My sister and her boyfriend got this new condo, and poor Matt has spent the first week putting together the random cabinets and tables that will ultimately populate all this sparkling carpeted acreage. I helped with the entertainment center.

42 fasteners. Forty-two. And that's just the main ones - the special little posts that thread into one panel, then get snugged down by the little cam-discs you install in the adjoining panel. There were also at least a dozen more conventional screws, plus tiny screws to secure the rollers on the drawers and the hinges on the glass doors, not to mention the plastic bag full of needle-sized nails... yeesh.

But we got it done. Even though it took two tries, and much squinting at the instruction book, and a moonlit hunt through A DUMPSTER (the package didn't include those 42 fasteners, but we thought maybe it did and we'd just thrown them away with the box), Matt and I eventually stood triumphant before a hulking wooden structure that outweighed either of us. All that was left to do was center it against the wall and put in the television.

The television didn't fit.

This particular model of entertainment center is supposed to accommodate TVs up to 36" in screen diameter, and it probably would, except that Matt and Katie's TV has built-in speakers on the side, which add approximately four inches to the width of the set, or about a quarter of an inch too much for the space allotted.

Matt and I stood before our creation, scratching our heads like monkeys watching a chess game. "You could take back the TV," I offered, pointing out that a 32" model would still probably be big enough for the room.
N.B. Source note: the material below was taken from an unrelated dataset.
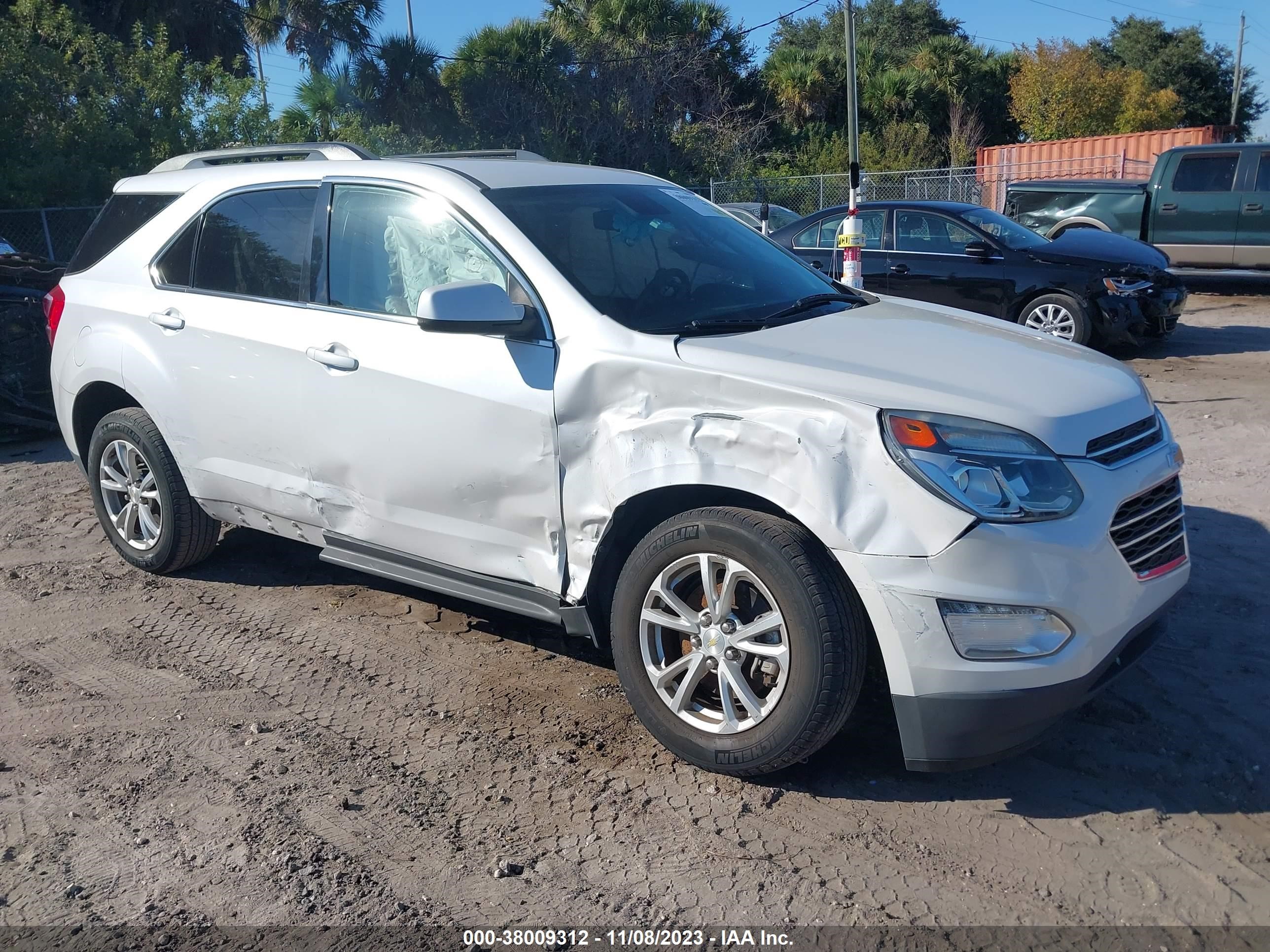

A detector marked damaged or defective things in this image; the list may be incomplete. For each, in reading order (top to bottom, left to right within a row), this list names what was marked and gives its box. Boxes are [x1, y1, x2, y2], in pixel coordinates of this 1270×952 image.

damaged white suv [42, 147, 1189, 777]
Matt nodded silently, staring at the behemoth Toshiba almost wedged into the intended area. It was precariously leaning forward, held in place mainly by friction.

"Why can't you just take the whole thing apart, move one of the panels and put it back together?" Penny piped up from the couch. Matt and I grimaced in unison. "Forty ... two ... fasteners..." we mumbled softly.

At this moment Matt did something I will never forget, an action for which he will always be honored in my mind as a resourceful and results-oriented individual.

He rammed it.

Shoulder down, he bashed the television back several inches, forcing that sucker into its home with the fiery glint of determination in his eye.

Sure, the wood bowed a little, but not too much. And the TV does fill the space very nicely. It was a bold maneuver, one I never would or could have done, partly because it wasn't my furniture.

Let's hear it for Matt.

1 comment:

Anonymous said...

Yay Matt for ramming televisions! Much less of a hassle than my suggestion.